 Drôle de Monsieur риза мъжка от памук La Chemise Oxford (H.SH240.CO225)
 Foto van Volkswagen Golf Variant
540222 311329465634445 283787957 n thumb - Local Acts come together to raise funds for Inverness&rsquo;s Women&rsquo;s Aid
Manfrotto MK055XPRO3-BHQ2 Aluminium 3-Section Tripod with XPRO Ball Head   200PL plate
++++++++++
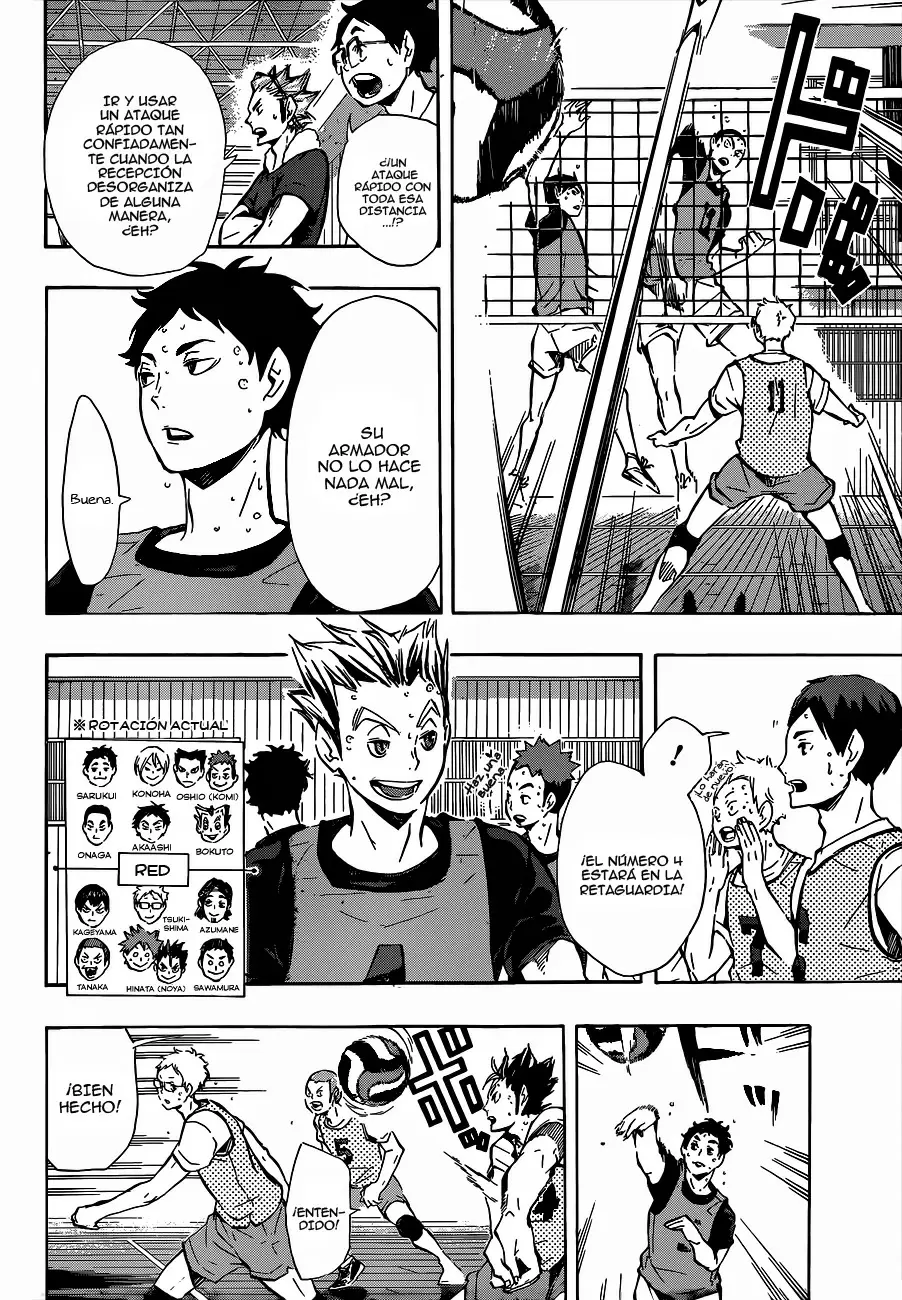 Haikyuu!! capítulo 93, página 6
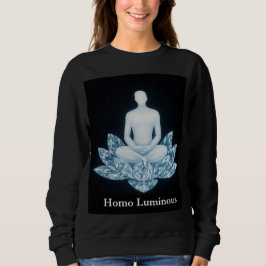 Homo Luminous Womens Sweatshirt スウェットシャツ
++++++++++
Beginning at the line above that contains "540222 311329465634445 283787957", return each line exactly through the line that contains "Manfrotto MK055XPRO3-BHQ2 Aluminium", and no others.

540222 311329465634445 283787957 n thumb - Local Acts come together to raise funds for Inverness&rsquo;s Women&rsquo;s Aid
Manfrotto MK055XPRO3-BHQ2 Aluminium 3-Section Tripod with XPRO Ball Head   200PL plate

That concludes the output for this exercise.